Göz muayenesi: Şeker hastalığı gözleri etkileyerek körlüğe kadar varabilen sorunlara yol açabilir. Tip 2 diyabetliyseniz tanı konulduğu andan itibaren her yıl, tip 1 diyabetliyseniz tanıdan sonraki 5’inci yıldan itibaren her yıl göz dibi muayenesi yaptırın.

İdrar tahlili: Şeker hastalığının zarar verdiği organlardan biri de böbrekler. Tip 2 diyabetliyseniz tanı konulduktan sonra 6 ayda bir, tip 1 diyabetliyseniz ilk 5 yıldan sonra her yıl mikroalbüminüri (idrar testi) yaptırın.

Doktor muayenesi: 6 ayda bir genel kontrol için doktorunuza gidin. Her muayenede ayaklarınızı doktorunuza göstermeyi ihmal etmeyin.

Hemoglobin A1C: Şekerin son 3 aylık ortalamasını gösteren bir testtir. Hemoglobinin (kanda oksijen taşımakla yükümlü olan kırmızı küreler) içindeki maddelerin şekerle birleşmesinden oluşur. Geriye dönük kan şekerinin nasıl gittiğini gösterir. Hemoglobin A1C düzeyinin yüzde 6.5’in altında olması gerekir. Her 3 ayda bir hemoglobin A1C testi yaptırın.
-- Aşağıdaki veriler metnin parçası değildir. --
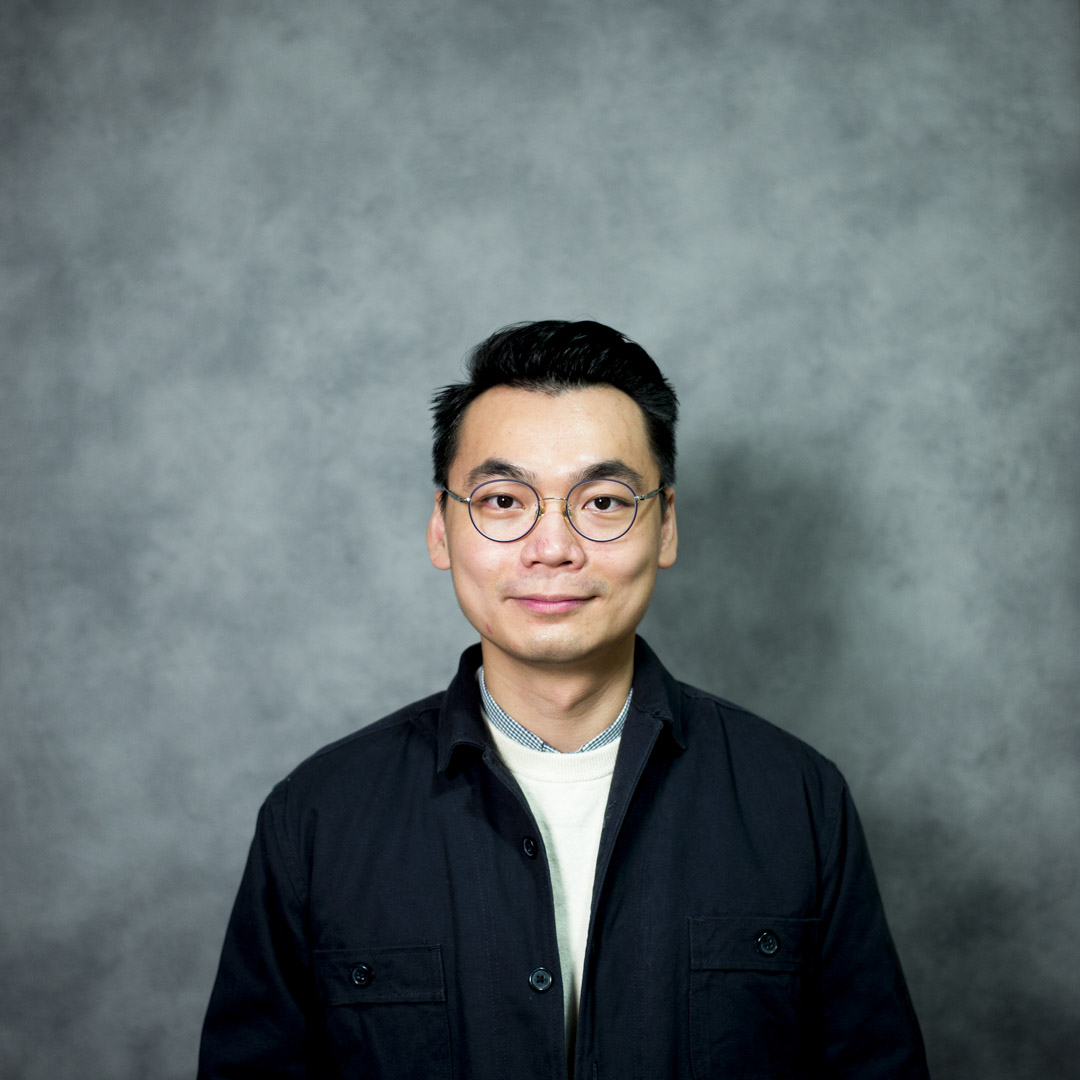 陈远东。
Kan yağları kontrolü: Kalp-damar sağlığı riskine karşı düzenli olarak tansiyonunuzu ölçtürün. En az yılda bir kez kolesterolünüze baktırın. Yılda 1 kez kalp elektrosu çektirin. Doktorunuz gerekli görürse efor testi, ekokordiyografi gibi daha ileri tetkikleri ihmal etmeyin.
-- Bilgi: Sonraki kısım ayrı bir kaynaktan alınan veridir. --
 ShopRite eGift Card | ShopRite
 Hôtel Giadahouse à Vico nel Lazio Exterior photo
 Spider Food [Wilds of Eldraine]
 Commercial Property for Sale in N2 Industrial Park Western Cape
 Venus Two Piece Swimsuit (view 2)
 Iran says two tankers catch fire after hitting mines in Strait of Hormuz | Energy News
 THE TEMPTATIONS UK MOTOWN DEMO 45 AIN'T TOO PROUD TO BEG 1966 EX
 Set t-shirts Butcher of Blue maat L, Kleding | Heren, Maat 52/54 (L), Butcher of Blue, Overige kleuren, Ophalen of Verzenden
...kaynak: 11 Nisan 2010 - 05:00

**
ŞEKER DIŞINDA YASAK GIDA YOK
-Sofra şekerinden mümkün olduğunca kaçının. Şeker dışında günlük kalori miktarını aşmayacak şekilde her türlü gıdayı ölçülü biçimde tüketebilirsiniz. (Diyabetli biri arada bir küçük bir parça çikolata bile tüketebilir.)
-Meyve suyu yerine meyvenin kendisini yiyin!
-Katı yağlardan uzak durun, zeytinyağını tercih edin!
-Bol lifli gıdalar tüketin. Her gün en az 3-4 porsiyon sebze meyve yiyin!
-Günde 3 ana öğünle birlikte 3 ara öğünü ihmal etmeyin!
-Beyaz ekmek yerine kepekli, çavdar, yulaflı ekmek tüketin!
-Yağlı kırmızı et yerine balık,derisiz tavuk eti ve az yağlı süt ürünlerini seçin!
-Tuzu azaltın!
-Kek, kurabiye, pasta gibi hamur işleri; yağda kızarmış soslu yiyeceklerden uzak durun!
-Çay, kahve, ıhlamur, bitki çayları (tatlandırıcıyla); diyet olması koşuluyla kola, gazoz veya madensuyu içebilirsiniz!
-Şeker içermesi nedeniyle bir dubleden fazla alkol almayın!